1. Aulo Gellio, II,2,12-13
[12] Quid autem super huiuscemodi patris atque filii officio apud Claudium legerimus, non esse ab re visum est, ut adscriberemus.
[13] Posuimus igitur verba ipsa Quadrigarii ex annali eius sexto transscripta: "Deinde facti consules Sempronius Gracchus iterum Q. Fabius Maximus, filius eius, qui priore anno erat consul. Ei consuli pater proconsul obviam in equo vehens venit neque descendere voluit, quod pater erat, et, quod inter eos sciebant maxima concordia convenire, lictores non ausi sunt descendere iubere. Ubi iuxta venit, tum consul ait: "quid postea?"; lictor ille, qui apparebat, cito intellexit, Maximum proconsulem descendere iussit. Fabius imperio paret et filium collaudavit, cum imperium, quod populi esset, retineret."

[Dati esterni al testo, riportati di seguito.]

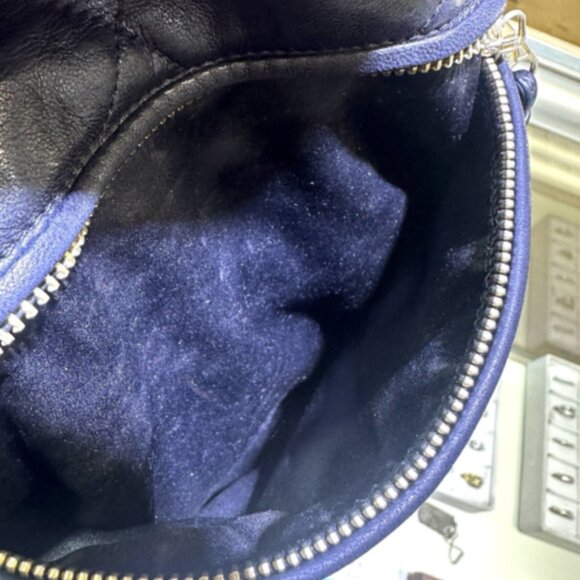 CHANEL Matelasse - Black Lambskin Backpack Tassel drawstring Gold hardware - Picture 11 of 12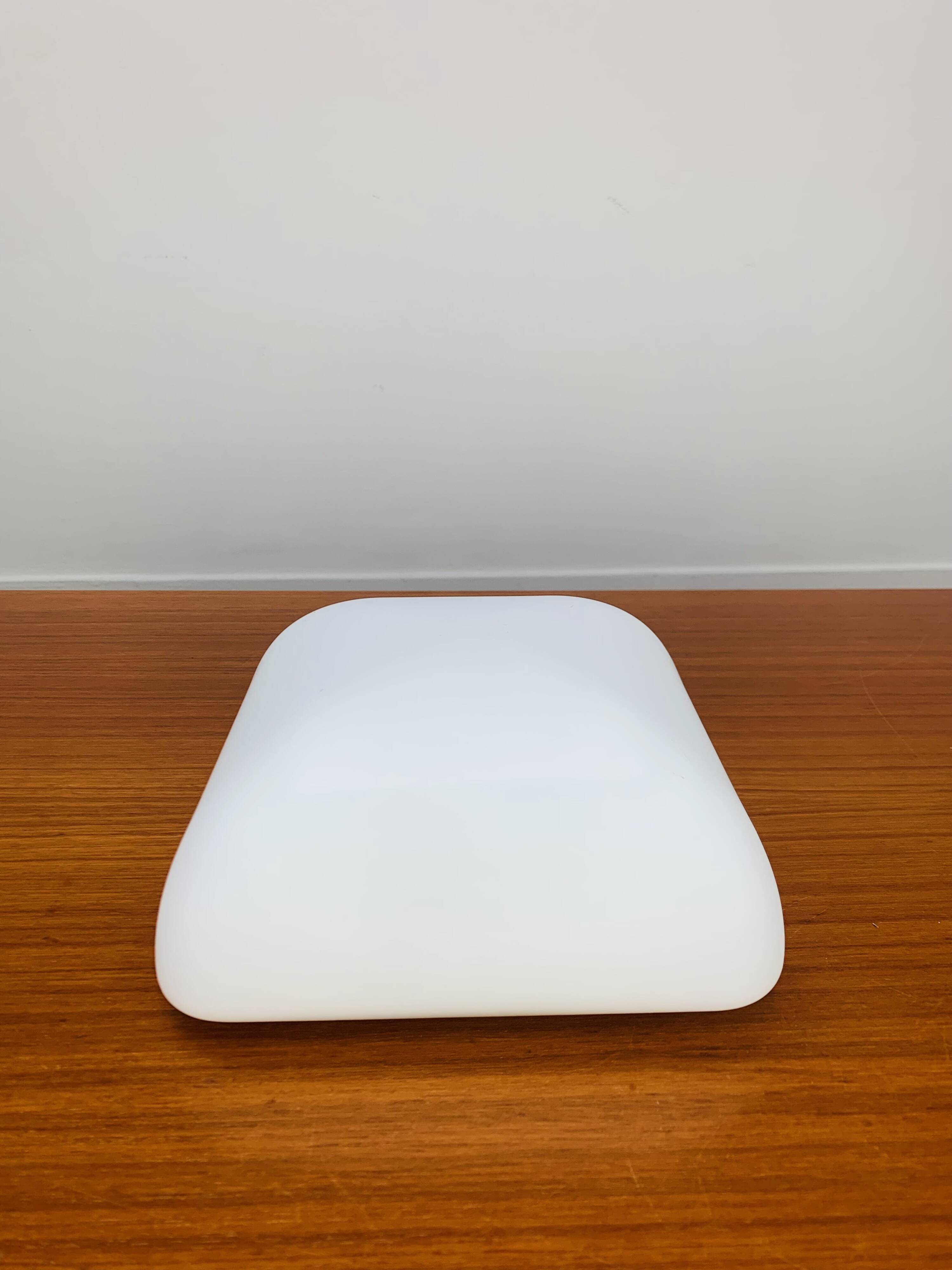 Applique carrée en opaline blanche Vitouver, années 60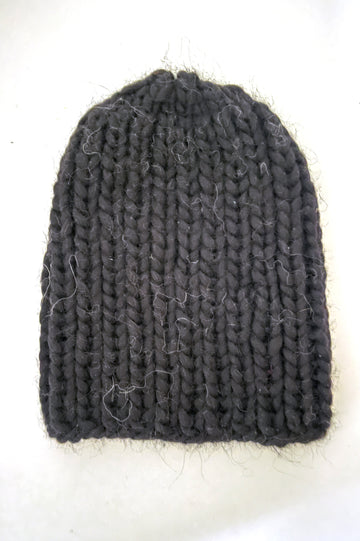 ïLD Hand Knitted Beanie - Black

[12] Cosa poi abbiamo letto in Claudio sul comportamento di tal genere di un padre e un figlio, non è sembrato essere lontano dall'argomento, come annotavamo.
[13] Abbiamo dunque riportato dai suoi annali le parole stesse di Quadrigario trascritte nel sesto libro: "Poi fatti consoli Sempronio Gracco per la seconda volta e Q. Fabio Massimo, figlio di colui, che era console l'anno prima. Il padre proconsole andando a cavallo andò incontro a lui console e non volle scendere, poiché era il padre, e, poiché i littori sapevano comportarsi fra loro con la massima armonia, non osarono ordinare di scendere. Appena venne vicino, allora il console disse: "E allora?"; quel littore, che era al servizio, subito capì, ordinò che il proconsole Massimo scendesse. Fabio obbedisce all'ordine e lodò il figlio, poiché sosteneva un incarico che era del popolo.